Article 4 brings into force provisions of the WRA relating to the abolition of IRESA and IBJSA (‘ the amending provisions’ ), in relation to the different cases as set out below.
Below, ‘old-style ESA’ means employment and support allowance under WRA Part 1 as that Part has effect apart from the amending provisions, and ‘old-style JSA’ means jobseeker’s allowance under the Jobseekers Act (JSA) 1995 as that has effect apart from the amending provisions. Under article 4(1) and (2)( a), the amending provisions come into force in relation to a claim for UC, and any award that is made in respect of the claim, where the claim is made on or after 27 January 2016 with respect to a period that begins on or after 27 January 2016 and, on the date on which the claim is made, the claimant resides in one of the Part 1 designated postcodes. Sub-paragraph (b) of article 4(2) makes the same provision for claims made on or after 24 February 2016 where the claimant resides in one of the Part 2 designated postcodes. Under article 4(1) and (2)( c), the amending provisions come into force in relation to a claim for UC, and any award that is made in respect of the claim, where the claimant claims UC on or after the dates referred to in article 4(2)( a) and (b) in respect of a period that begins on or after those dates and provides incorrect information regarding the claimant residing in the postcode in question, but this is only discovered once payments of UC have been made.

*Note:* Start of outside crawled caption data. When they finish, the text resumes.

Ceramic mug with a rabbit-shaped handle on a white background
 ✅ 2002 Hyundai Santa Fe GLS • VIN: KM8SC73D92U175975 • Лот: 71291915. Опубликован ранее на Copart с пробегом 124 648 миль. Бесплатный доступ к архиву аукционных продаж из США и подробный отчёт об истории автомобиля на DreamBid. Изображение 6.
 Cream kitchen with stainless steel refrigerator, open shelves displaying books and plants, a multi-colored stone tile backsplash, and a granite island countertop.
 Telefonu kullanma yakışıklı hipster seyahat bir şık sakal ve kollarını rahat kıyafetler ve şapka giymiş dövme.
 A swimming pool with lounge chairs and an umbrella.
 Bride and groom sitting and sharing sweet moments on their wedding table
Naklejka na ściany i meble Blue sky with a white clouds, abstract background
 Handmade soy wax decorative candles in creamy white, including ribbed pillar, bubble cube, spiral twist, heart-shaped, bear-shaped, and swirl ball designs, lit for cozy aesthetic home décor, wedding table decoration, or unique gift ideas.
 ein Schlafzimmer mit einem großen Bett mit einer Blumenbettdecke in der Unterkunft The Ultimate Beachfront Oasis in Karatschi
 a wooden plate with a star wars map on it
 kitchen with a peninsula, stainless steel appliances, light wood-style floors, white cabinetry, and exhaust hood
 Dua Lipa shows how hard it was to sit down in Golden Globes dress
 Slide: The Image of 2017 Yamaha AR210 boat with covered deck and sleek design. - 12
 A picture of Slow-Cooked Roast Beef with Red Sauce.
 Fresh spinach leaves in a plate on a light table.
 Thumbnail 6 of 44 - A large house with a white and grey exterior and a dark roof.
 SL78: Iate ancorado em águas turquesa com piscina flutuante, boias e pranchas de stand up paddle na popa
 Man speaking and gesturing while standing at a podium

Under article 4(1) and sub-paragraphs (d) and (e) of paragraph (2), the amending provisions come into force in relation to a claim for an employment and support allowance (ESA) or a jobseeker’s allowance (JSA), and any award that is made in respect of the claim, where the claim is made on or after the dates referred to in either of those sub-paragraphs and, on the date on which the claim is made, the claimant resides in one of the postcodes specified in that sub-paragraph .
Under article 4(1) and (2)( f ), the amending provisions come into force in relation to the case of a claim for ESA or JSA where the claim is not a claim for ESA or JSA as referred to in article 4(2) (d) and (e) and where the claim is made during the ‘relevant period’ (mainly the period when a claim for UC is being considered or an award of UC is extant).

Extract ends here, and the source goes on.